Yuliy Sannikov is a theorist who has developed new methods for analyzing continuous time dynamic games using stochastic calculus methods. His work has not only broken new ground in methodology, it has had a substantial influence on applied theory. He has significantly altered the toolbox available for studying dynamic games, and as a result of his contributions, new areas of economic inquiry have become tractable for rigorous theoretical analysis. The areas of application include the design of securities, contract theory, macroeconomics with financial frictions, market microstructure, and collusion.

Yuliy Sannikov, a professor at Princeton University, won the John Bates Clark young economist award.

Sannikov was honored for theoretical work that has expanded the ability of economists to analyze a whole range of issues from the design of securities to collusion in markets, the Nashville, Tennessee-based American Economic Association said Friday in astatement on its website.

“Sannikov’s work is impressive,” the AEA said. “It is elegant, powerful, and it paves the way for further analysis on lots of problems.”

Alan Blinder, a fellow professor at Princeton and a former Federal Reserve vice chairman, said Sannikov “has displayed an unusual ability to apply deep economic theory to important questions about monetary policy and the financial system.”

Fed Chair Janet Yellen cited his work with Markus Brunnermeier, another Princeton professor, in a speech she gave at the International Monetary Fund in 2014. In a footnote, Yellen said the two economists had developed an economic model to explore whether long periods of relative economic stability led to excessive risk-taking and financial imbalances that damaged the economy when they were unwound.

Fed Symposium

In a presentation to the Kansas City Fed’s Jackson Hole symposium in 2012, Brunnermeier and Sannikov argued that central bankers can’t just focus on achieving stable prices.

"Policy rules that ignore financial stability fail to lean against the buildup of imbalances and systemic risk in normal times and are not credible in crisis times," they said.

They also highlighted the impact that monetary policy can have on the distribution of wealth in a society -- a sore point among some critics of the Fed who have accused it of pursuing strategies that benefited investors without helping ordinary Americans.

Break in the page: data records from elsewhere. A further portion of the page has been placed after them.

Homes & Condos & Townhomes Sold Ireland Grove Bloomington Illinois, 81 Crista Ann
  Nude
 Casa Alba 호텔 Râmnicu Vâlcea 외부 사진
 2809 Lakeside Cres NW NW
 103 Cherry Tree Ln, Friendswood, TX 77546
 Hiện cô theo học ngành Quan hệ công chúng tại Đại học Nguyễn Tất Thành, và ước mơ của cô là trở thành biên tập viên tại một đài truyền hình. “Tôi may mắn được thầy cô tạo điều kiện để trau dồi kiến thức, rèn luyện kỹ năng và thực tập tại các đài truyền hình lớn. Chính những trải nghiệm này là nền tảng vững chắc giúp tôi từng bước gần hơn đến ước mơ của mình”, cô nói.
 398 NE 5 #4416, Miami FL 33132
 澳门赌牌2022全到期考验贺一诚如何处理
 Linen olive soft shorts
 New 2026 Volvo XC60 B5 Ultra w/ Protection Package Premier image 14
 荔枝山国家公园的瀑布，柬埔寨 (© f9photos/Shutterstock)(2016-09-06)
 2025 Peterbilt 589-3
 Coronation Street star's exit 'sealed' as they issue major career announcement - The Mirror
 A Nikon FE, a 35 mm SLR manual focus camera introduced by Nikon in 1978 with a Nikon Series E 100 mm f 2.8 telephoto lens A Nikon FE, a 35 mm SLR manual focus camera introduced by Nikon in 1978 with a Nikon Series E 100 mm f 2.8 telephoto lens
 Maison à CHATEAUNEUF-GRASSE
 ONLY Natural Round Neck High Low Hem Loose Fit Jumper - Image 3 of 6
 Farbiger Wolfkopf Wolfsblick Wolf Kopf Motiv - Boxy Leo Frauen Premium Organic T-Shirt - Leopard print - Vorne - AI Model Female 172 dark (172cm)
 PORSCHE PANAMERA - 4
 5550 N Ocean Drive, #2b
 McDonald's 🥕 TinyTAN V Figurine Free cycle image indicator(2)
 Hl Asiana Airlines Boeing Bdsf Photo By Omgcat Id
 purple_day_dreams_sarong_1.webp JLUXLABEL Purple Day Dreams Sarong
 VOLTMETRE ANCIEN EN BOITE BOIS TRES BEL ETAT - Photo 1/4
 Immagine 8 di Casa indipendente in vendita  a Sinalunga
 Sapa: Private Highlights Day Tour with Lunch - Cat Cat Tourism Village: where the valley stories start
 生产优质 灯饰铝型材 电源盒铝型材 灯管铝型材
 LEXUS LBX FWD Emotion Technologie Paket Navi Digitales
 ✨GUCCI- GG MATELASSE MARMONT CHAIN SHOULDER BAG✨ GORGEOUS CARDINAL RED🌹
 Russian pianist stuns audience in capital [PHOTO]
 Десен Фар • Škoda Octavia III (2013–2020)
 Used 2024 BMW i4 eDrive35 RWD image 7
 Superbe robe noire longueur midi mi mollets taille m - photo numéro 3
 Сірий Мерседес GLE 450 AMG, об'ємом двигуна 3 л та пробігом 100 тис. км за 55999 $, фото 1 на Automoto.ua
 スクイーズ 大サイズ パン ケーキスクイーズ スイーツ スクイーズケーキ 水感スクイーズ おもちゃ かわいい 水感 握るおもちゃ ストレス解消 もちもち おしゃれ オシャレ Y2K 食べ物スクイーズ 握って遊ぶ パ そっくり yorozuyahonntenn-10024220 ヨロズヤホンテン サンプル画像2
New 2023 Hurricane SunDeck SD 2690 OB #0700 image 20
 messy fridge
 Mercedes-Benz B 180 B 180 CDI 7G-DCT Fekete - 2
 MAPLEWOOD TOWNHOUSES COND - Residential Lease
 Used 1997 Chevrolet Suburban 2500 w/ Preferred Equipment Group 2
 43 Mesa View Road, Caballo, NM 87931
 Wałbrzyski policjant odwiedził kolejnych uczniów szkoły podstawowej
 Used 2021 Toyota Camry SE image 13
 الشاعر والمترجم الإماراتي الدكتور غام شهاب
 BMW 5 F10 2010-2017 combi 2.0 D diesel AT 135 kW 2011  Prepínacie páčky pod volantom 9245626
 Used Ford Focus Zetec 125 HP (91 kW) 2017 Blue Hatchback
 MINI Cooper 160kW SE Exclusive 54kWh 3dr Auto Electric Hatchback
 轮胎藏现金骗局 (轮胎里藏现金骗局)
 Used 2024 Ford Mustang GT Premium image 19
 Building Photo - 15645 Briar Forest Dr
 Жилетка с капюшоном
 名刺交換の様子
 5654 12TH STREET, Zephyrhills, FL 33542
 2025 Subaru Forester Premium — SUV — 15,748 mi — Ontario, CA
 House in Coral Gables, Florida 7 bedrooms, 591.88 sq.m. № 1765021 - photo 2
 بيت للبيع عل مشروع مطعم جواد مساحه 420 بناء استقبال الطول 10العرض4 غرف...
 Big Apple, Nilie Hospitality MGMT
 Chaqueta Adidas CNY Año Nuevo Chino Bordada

Brunnermeier said in an interview that he and Sannikov were able to provide a "totally different picture" of how the economy operates by focusing on frictions in the financial system.

Small Shocks

In particular, they were able to explain and explore how a small shock can at times have outsized economic impacts as it feeds on itself. In addition, they were better able to analyze the effects of quantitative easing, he said.

Sannikov also has studied the best way to structure incentive contracts to avoid rewarding corporate executives, private equity managers and others for work today that ends up being damaging in the longer run.

He earned a bachelor’s degree in mathematics from Princeton in 2000, then went on to get a Ph.D. in business administration four years later from Stanford University. He won three gold medals in the International Mathematical Olympiads in 1994 to 1996, according to his resume.

Research Interests

His research interests include game theory, corporate finance and macroeconomics.